Log linear, logit and probit models are particular cases of general linear models.
Log linear analysis deals with the correlation of the categorical type of variables. Log linear analysis observes all possible levels of main and interaction effects, and then compares the saturated model with the reduced model. The major purpose of log linear analysis is to obtain the most parsimonious model. The other name for log linear analysis is multi way frequency analysis (MFA). Log linear analysis is an independent procedure that is used to account for the distribution of cases in a joint distribution or cross tabulation of the categorical variables.
Logit analysis is similar to log linear analysis, except that logit analysis deals with one or more categorical types of dependent variables.
Probit analysis is done when the categories of the variables are assumed to reflect an underlying normal distribution of the dependent variables. Probit analysis can be done even with the variables having only two categories.
In log linear analysis, log linear models have been developed to analyze the conditional association between two or more categorical variables.
The logit and the probit analysis allow the log linear model to expand by allowing the mixture of the categorical and continuous independent variables to assume one or more categorical dependent variables.
There are two different types of log linear procedures: Hierarchical log linear procedure and General log linear procedure.
There are certain things that one should keep in mind while working with Log linear, logit and probit models.
In the log linear kind of analysis, the variables may be factors, covariates, contrasts, etc. but the two different types of log linear procedures support all types of variables.
In probit analysis, the levels of the factors are used to explain the subgroup during the analysis.
The saturated model in log linear analysis is a kind of model that incorporates all the possible effects, such as one way effect, two way interactions effects, three way interactions, etc. A saturated model in log linear analysis forces absolutely no constraints on the data. This model in log linear analysis always replicates the observed frequencies.

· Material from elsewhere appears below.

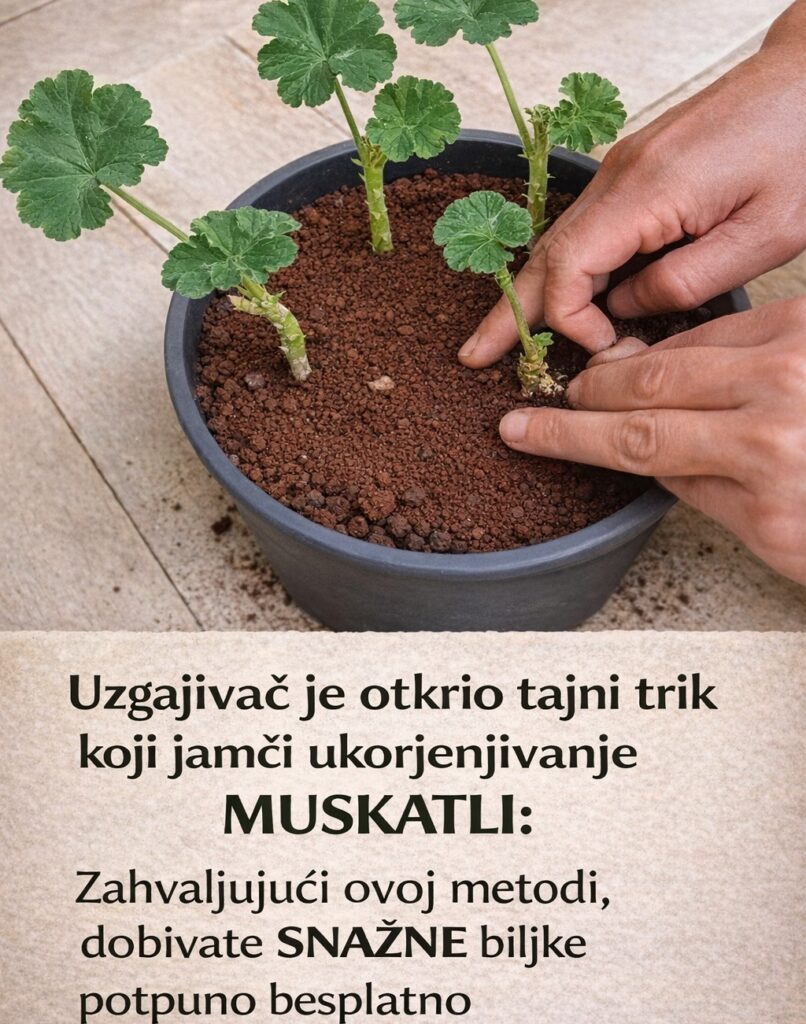 629220937_1309861261175041_5618220059415477379_n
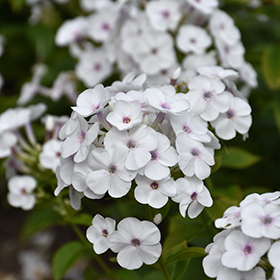 Plant Photo 6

The parsimonious models in log linear analysis are incomplete models that somehow achieve a satisfactory level of goodness of fit.
There are certain assumptions of Log linear, logit and probit models.

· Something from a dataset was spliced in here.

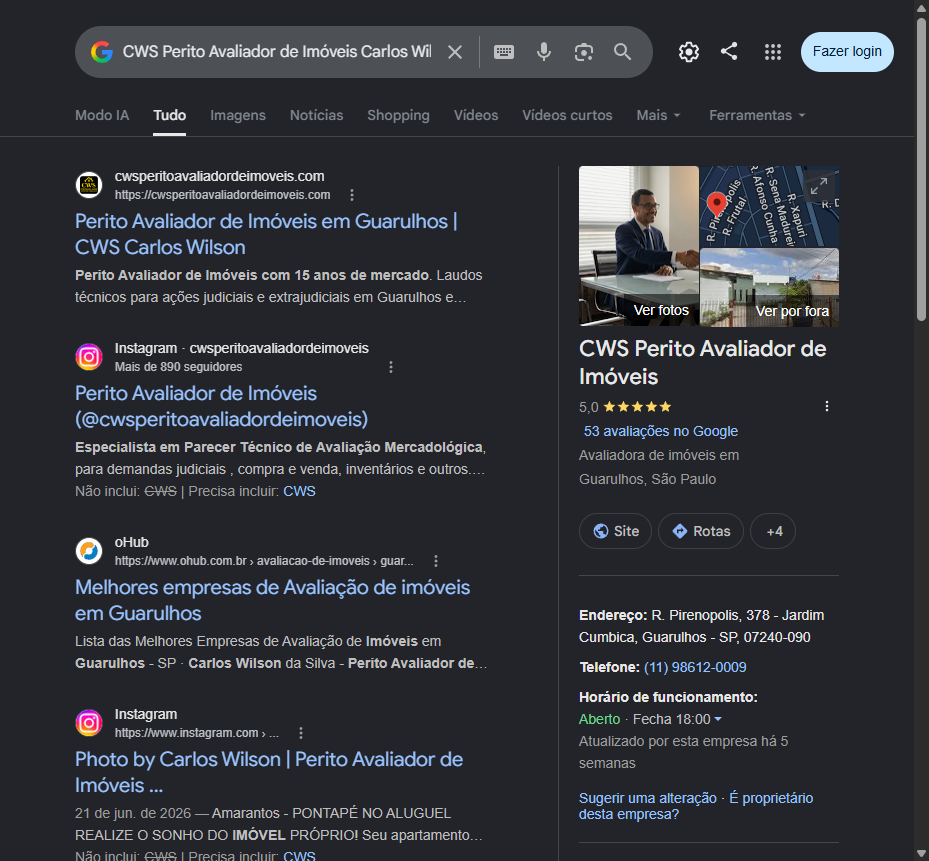 Print do painel do Google Meu Negocio da CWS Perito Avaliador com nota 5,0 e 53 avaliacoes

In the case of log linear analysis, well populated tables are being assumed.
The well populated tables in Log linear, logit and probit models require an adequate number in their sample size.
Also, it should be noted by the researcher that both the logit and probit models utilize maximum likelihood estimation, which assumes a larger sample size.
A general rule to follow is that the sample size in Log linear, logit and probit models should be at least five times the number of cells in the tables.
The residuals are generally smaller in Log linear, logit and probit models so that no large outliers are present in the cell.
The residuals in Log linear, logit and probit models are assumed to be normally distributed.
The observations in Log linear, logit and probit models are always assumed to be independent.